A Novel Prediction Method of ATP Binding Residues from Protein Primary Sequence
ATP is an important nucleotide that provides energy for biological activities in cells. Correctly identifying the protein-ATP binding site is helpful for protein function annotations and new drug development. With the innovation of machine learning, more and more researchers start to predict the binding sites from protein sequences instead of using biochemical experiment methods. Since the number of non-binding residues is far from the number of binding residues, a popular method to deal with the ATP-binding dataset is to apply the under-sampling to construct training subset which will inevitably lose the negative samples.

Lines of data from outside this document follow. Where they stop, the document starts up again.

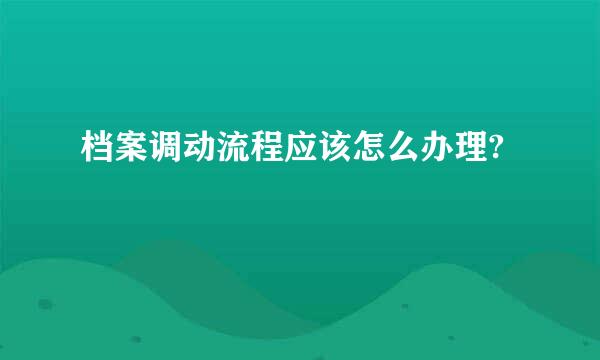 档案调动流程应该怎么办理?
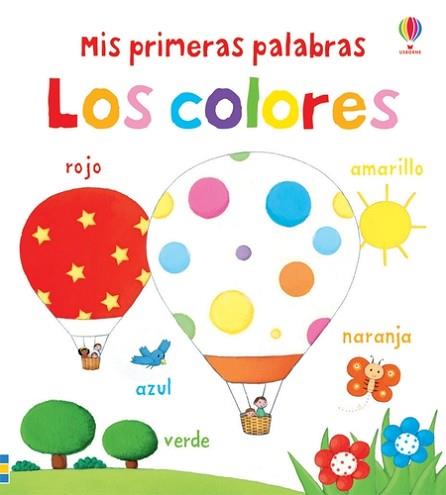 LOS COLORES (MIS PRIMERAS PALABRAS) | 9781409572855 | BROOKS, FELICITY/BROOKS, FELICITY | Llibreria Geli - Llibreria Online de Girona - Comprar llibres en català i castellà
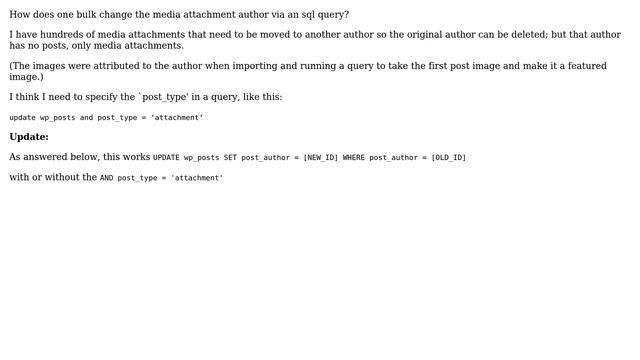 Wordpress: Change media attachment author via mysql query смотреть онлайн
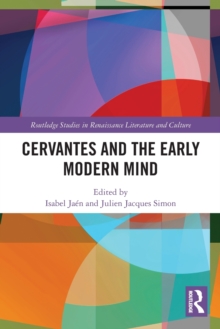 Cervantes and the Early Modern Mind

However, a lot of valuable information for ATP binding properties is hidden in negative samples which should be carefully considered. In this study, the dataset which contains full negative samples are applied in training process. In order to avoid biased in prediction result, the decision tree classification algorithm which shows stable performance in imbalanced data is applied. The prediction performance on five-fold cross validation has demonstrated that our proposed method improves the performance compared with using under-sampled data.
KeywordsATP-binding site Protein primary sequence Decision tree Binary classification
This work was supported by The National Natural Science Foundation of China (Project No. 61662057, 61672301) and Higher Educational Scientific Research Projects of Inner Mongolia Autonomous Region (Project No. NJZC17198).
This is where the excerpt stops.